Just like in sports, “coaches” are everywhere and are available to help people work on a weakness, better utilize their strengths and skills, and help build confidence to tackle on life’s challenges.

There’s a “career” coach, “life” coach, and even a “motivational” coach.  There is a coach for almost anything that we need help in.

Following the trail of life

Life is a bike trail.
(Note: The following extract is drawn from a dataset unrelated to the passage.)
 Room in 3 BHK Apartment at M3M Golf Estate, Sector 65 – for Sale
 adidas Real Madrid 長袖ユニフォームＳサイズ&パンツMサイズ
You keep peddling until your "trail" ends.

On Wednesday night, Jan Thomas and her sons received the ESPY’s Arthur Ashe Courage award on behalf of the late Aplington-Parkersburg football coach Ed Thomas.  I saw the acceptance speech and I wasn’t worried at all.  I knew Aaron would knock it out of the park.  On a side note, the Becker family also deserve a standing ovation for being in attendance at the show.  They been through hell alongside the Thomas family.

I read with interest on how many people were “misty-eyed” watching the video tribute to Coach and the presentation of the Ashe Award.  I wasn’t “misty-eyed” or emotional at all.  I have seen, read, and listen to the AP story in the past.  Secondly, I had to use the “misty-eyes” and emotional components Wednesday afternoon for someone you don’t know.

Let me tell you about Kim Clayton.

He worked as an executive for American Administrators in West Des Moines.  He and his wife, Debbie, have two children.  Kim had a lot of hobbies and he was an avid Hawkeye fan.  Volunteerism was something he loved to do.  He served on numerous boards and volunteered his time and efforts.

On Friday, July 9th, he collided into the side of a SUV on his bike on a trail in Dallas County.  He was killed instantly. Wednesday afternoon was his funeral.

I’m not writing this to sway you from the attention Coach Thomas deserves to receive, but to tell you that Kim was an everyday hero like Coach Thomas.  He was no Coach Thomas or Mother Theresa when it comes to name recognition.  He didn’t rally a community to rebuild after a tornado or collected food to send to an earthquake-ravaged Haiti.  He volunteered to make his community a better place, in small ways.

Kim served on the American Diabetes Association board with me.  In 2009, we had a down year financially and facing a lack of local public interest in the the cause to find a cure for diabetes.  This year, we made a commitment, as a board, to find new ways to drum up interest for our annual walk & bike ride in September.

Kim was diligent and eager to volunteer in any way.  Sometimes, it was difficult for him when we hit a roadblock.  His facial expression was all I needed to see:  confused, puzzled, looking for a solution.  This spring, Kim found his “voice”, in contacting local companies that we never reached out to in the past.  He became comfortable in calling and asking if he could come out and give his pitch on why they should sponsor or help create and support teams to do our walk.

It was the same “voice” he had at his church, Lutheran Church of Hope, as an usher.  It was the same “voice” that was heard on the WestParks Foundation board as he worked with others to make the parks and the bike trails better and accessible to everyone.

It was that voice that was suddenly silenced on Friday.

As Ed Thomas said, we have to pick ourselves up and move forward.  It’s not that we have to.  We need to.  Life has no stopwatch and there is no button to play back what has taken place.

Life is like a bike trail.  Smooth and simple, bumpy and hilly.  We don’t know where our “individual” trail will end.  We keep riding it until we get there.

And at the end of the trail, hopefully, Kim will be waiting there for us.